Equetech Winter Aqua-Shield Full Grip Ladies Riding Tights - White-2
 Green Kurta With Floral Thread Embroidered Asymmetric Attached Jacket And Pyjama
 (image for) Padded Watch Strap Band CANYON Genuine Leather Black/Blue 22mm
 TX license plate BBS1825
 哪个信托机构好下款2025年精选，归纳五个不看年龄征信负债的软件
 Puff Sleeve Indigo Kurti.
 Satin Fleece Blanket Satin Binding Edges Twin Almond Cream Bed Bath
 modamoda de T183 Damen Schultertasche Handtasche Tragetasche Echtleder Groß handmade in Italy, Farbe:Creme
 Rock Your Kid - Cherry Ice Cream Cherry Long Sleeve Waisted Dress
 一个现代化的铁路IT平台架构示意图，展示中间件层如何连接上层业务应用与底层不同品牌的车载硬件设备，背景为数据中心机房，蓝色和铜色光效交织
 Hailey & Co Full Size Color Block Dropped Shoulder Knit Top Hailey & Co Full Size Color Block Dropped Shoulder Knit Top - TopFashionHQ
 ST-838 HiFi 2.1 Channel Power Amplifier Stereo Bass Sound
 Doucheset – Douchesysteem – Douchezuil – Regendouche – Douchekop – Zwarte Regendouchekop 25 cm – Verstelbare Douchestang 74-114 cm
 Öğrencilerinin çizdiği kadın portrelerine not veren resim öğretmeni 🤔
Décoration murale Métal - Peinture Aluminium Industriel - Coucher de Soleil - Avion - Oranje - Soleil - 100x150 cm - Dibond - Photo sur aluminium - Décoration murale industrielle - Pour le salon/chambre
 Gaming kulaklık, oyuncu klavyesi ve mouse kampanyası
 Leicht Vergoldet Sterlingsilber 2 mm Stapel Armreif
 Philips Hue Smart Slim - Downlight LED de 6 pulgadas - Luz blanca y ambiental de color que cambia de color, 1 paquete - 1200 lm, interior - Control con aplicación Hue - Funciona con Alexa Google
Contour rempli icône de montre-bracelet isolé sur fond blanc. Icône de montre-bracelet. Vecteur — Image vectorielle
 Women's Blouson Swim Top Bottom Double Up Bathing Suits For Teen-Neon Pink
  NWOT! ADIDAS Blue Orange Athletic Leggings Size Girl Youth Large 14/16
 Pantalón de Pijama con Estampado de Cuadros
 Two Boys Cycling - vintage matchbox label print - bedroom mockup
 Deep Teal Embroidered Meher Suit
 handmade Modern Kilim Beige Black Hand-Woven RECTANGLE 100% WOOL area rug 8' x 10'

Task to carry out> Where the word "Full" shows up in a line of the listing, return that line.

Answer for the task>
Equetech Winter Aqua-Shield Full Grip Ladies Riding Tights - White-2
 Hailey & Co Full Size Color Block Dropped Shoulder Knit Top Hailey & Co Full Size Color Block Dropped Shoulder Knit Top - TopFashionHQ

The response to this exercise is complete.